Giova preliminarmente osservare che il ricorso, pur articolando nell’unico motivo più profili di doglianza è ammissibile in quanto consente alla Corte di cogliere sufficientemente la specificità e la chiarezza del loro contenuto.

Questa Corte ha infatti affermato che “in seno al ricorso per Cassazione il fatto che un singolo motivo sia articolato in più profili di doglianza, ciascuno dei quali avrebbe potuto essere prospettato come un autonomo motivo, non costituisce, di per sé, ragione d’inammissibilità dell’impugnazione, dovendosi ritenere sufficiente, ai fini dell’ammissibilità del ricorso, che la sua formulazione permetta al giudice di legittimità di cogliere con chiarezza le doglianze prospettate, onde consentirne l’esame separato esattamente negli stessi termini in cui lo si sarebbe potuto fare se esse fossero state articolate in motivi diversi, singolarmente numerati (Cass. civ. Sez. V Ord., 09/07/2020, n. 14558).
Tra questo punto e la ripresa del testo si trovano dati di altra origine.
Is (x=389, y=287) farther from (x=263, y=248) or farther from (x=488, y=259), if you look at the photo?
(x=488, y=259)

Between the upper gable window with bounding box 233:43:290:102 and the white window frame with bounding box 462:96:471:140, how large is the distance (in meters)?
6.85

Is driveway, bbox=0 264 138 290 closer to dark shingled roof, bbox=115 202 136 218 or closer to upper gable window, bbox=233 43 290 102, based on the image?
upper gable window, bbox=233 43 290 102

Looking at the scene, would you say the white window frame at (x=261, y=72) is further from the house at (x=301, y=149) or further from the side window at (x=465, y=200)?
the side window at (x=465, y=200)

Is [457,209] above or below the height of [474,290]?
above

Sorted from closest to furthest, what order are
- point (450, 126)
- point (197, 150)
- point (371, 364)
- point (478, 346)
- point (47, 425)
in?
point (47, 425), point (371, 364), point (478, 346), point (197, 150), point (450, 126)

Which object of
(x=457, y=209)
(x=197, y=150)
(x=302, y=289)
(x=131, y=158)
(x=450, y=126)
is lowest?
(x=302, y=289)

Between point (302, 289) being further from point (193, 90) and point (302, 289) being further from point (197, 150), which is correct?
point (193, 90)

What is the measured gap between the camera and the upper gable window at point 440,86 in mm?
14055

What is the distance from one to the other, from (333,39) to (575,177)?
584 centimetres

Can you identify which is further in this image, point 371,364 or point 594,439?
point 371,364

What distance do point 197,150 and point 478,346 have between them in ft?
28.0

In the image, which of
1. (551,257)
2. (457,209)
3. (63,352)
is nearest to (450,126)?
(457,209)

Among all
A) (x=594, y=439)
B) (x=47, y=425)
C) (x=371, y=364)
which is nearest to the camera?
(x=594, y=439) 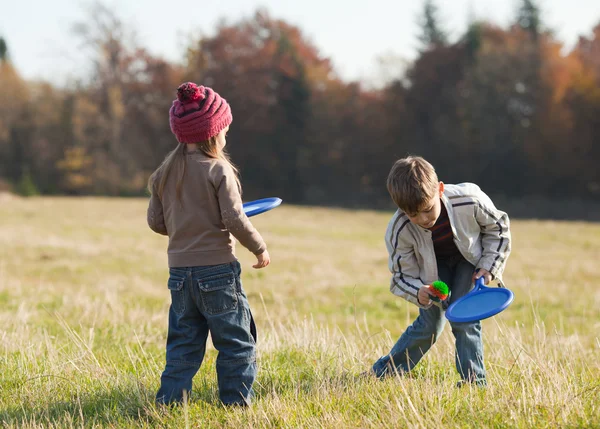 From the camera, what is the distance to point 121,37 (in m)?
41.3

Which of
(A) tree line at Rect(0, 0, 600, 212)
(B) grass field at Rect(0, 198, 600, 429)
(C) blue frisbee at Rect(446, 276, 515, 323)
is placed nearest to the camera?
(B) grass field at Rect(0, 198, 600, 429)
Il ricorso, tuttavia è inammissibile nel merito poiché si sostanzia in una rivalutazione dei fatti di causa non ammissibile in questa sede. Le censure sono anche generiche e prive di specificità.

11 ricorrente, infatti, si limita a ripercorrere il racconto del richiedente asilo ed a lamentare una generale carenza di cooperazione istruttoria del Giudice di merito, onere che, tuttavia è stato adempiuto dal Tribunale, sia con riferimento all’accertamento della presenza di un conflitto armato generalizzato nel Paese d’origine del richiedente che all’esame della documentazione prodotta dal ricorrente circa il percorso di integrazione svolto all’interno del territorio italiano.

5. Il ricorso va, dunque, dichiarato inammissibile. L’indefensio degli intimati non richiede la condanna alle spese.

5.1 Infine, poiché il ricorso è stato proposto successivamente al 30 gennaio 2013 ed è dichiarato inammissibile, sussistono i presupposti processuali (a tanto limitandosi la declaratoria di questa Corte: Cass. Sez. U. 20/02/2020, n. 4315) per dare atto – ai sensi della L. n. 228 del 2012, art. 1, comma 17, che ha aggiunto il comma 1-quater al testo unico di cui al D.P.R. n. 115 del 2002, art. 13 (e mancando la possibilità di valutazioni discrezionali: tra le prime: Cass. 14/03/2014, n. 5955; tra le innumerevoli altre successive: Cass. Sez. U. 27/11/2015, n. 24245) – della sussistenza dell’obbligo di versamento, in capo a parte ricorrente, dell’ulteriore importo a titolo di contributo unificato pari a quello, ove dovuto, per la stessa impugnazione.

PQM

la Corte dichiara inammissibile il ricorso.

Ai sensi del D.P.R. n. 115 del 2002, art. 13, comma 1 quater, inserito dalla L. n. 228 del 2012, art. 1, comma 17, dà atto della sussistenza dei presupposti per il versamento, da parte del ricorrente, dell’ulteriore importo a titolo di contributo unificato pari a quello, ove dovuto, per il ricorso a norma del citato art. 13, comma 1 bis.

Così deciso in Roma, nella Camera di consiglio della Sezione Terza Civile della Corte suprema di Cassazione, il 11 novembre 2021.